Work instructions
Skip the pictures, please, and write out exactly every line from the one containing "ARDESTO Скатертина Christmas" through the end of the listing below.

Data listing
———
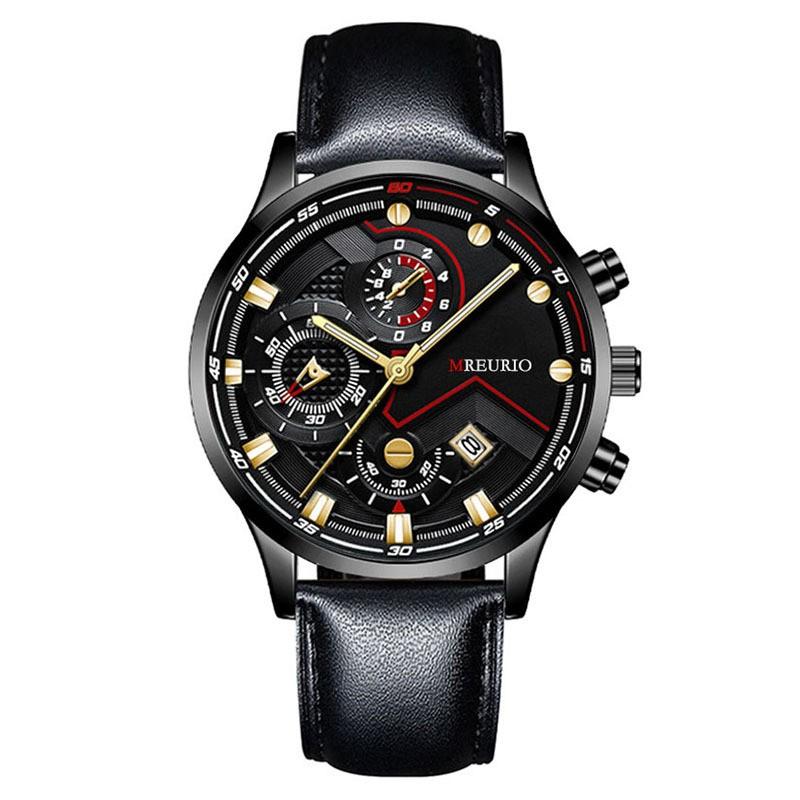 Men's Waterproof Luminous Running Alarm Clock Watch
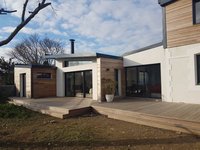 Villa contemporaine bois et maçonnerie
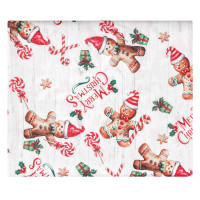 ARDESTO Скатертина Christmas Gingerbread 120х140см, 100% поліестер, червоний (ART07HG)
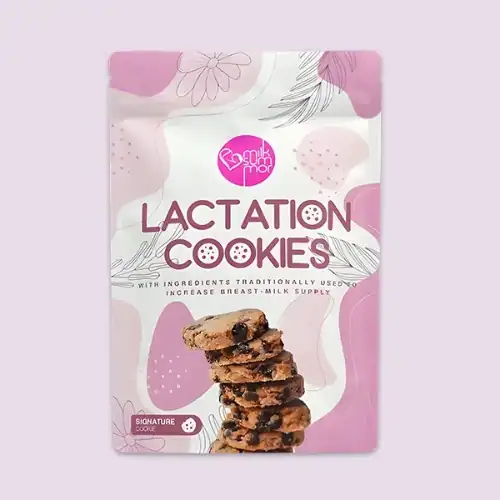 printed custom cookie mylar bags with logo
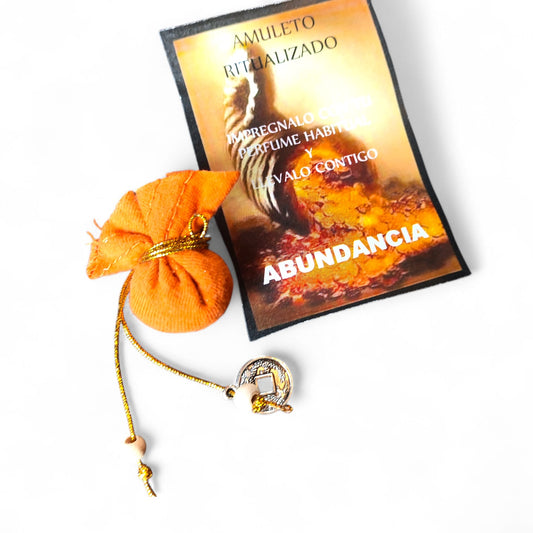 Saquito mágico de abundancia ritualizado para atraer dinero, prosperidad, abrir caminos económicos y activar nuevas oportunidades.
———
Response to the exercise
 ARDESTO Скатертина Christmas Gingerbread 120х140см, 100% поліестер, червоний (ART07HG)
 printed custom cookie mylar bags with logo
 Saquito mágico de abundancia ritualizado para atraer dinero, prosperidad, abrir caminos económicos y activar nuevas oportunidades.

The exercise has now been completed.